What is learning to rank
Learning to rank is the application of machine learning to the ranking problem. Instead of manually writing a scoring formula like bm25(title) * 2 + attribute(popularity) * 0.1, you train a model on labeled data. The model learns which features matter, how they interact, and what weights to assign, all from examples of good and bad rankings.
The basic idea is this: for a set of queries, you have documents with relevance labels (either from human judgments or from user behavior like clicks). You extract features for each query-document pair, things like BM25 scores, document popularity, field match quality, freshness, and so on. Then you train a model to predict relevance from these features. The trained model replaces your hand-tuned ranking expression.
LTR approaches
There are three main approaches to learning to rank, and they differ in how the training loss is defined:
Pointwise treats each document independently. The model learns to predict an absolute relevance score for a single document. This is essentially a regression or classification problem. It works, but it ignores the relative ordering between documents, which is what ranking is actually about.
Pairwise considers pairs of documents for the same query. The model learns that document A should rank above document B. The training signal comes from comparing document pairs. This directly optimizes ordering, which aligns better with the ranking task.

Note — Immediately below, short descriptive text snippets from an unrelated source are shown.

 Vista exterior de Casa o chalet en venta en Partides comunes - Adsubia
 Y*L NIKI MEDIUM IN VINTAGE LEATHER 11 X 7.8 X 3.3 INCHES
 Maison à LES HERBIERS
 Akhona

Listwise considers the entire list of documents for a query. The model directly optimizes list-level metrics like NDCG or MAP. This is the most sophisticated approach and generally produces the best results.

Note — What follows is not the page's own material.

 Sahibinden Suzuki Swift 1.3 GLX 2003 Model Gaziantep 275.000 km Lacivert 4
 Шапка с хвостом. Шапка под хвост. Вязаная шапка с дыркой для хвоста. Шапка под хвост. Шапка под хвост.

In practice, the distinction blurs. The most popular algorithm, LambdaMART (used by both XGBoost and LightGBM for ranking), is technically a hybrid. It computes pairwise gradients but scales them by the change in NDCG that would result from swapping two documents. The result is a model that effectively optimizes a list-level metric through pairwise comparisons. And the output is still a pointwise scoring function that scores one document at a time, which is exactly what Vespa needs for distributed evaluation.

Features for learning to rank
The features you use in your LTR model are what make or break its effectiveness. Features fall into three categories:
Query features
These depend only on the query, not on any particular document. Examples include query length, query type (navigational vs informational), time of day, or user context like location or preferences. In Vespa, you pass these as query-time features using query(name) parameters.
Document features
These depend only on the document, not on the query. Examples include document popularity, quality score, content length, recency, price, or category. In Vespa, you access these through attribute(field) in your ranking expressions.
Query-document features
These depend on the interaction between a specific query and a specific document. These are usually the most powerful features for ranking. Examples include BM25 scores, field match completeness, proximity of query terms in the document, and vector similarity scores. Vespa computes these automatically through rank features like bm25(field), fieldMatch(field).completeness, fieldMatch(field).proximity, and closeness(field, embedding).
A typical LTR model might use 20 to 50 features spanning all three categories. More features are not always better. Noisy or redundant features can hurt model quality and slow down evaluation. Start with the most informative features and add more incrementally.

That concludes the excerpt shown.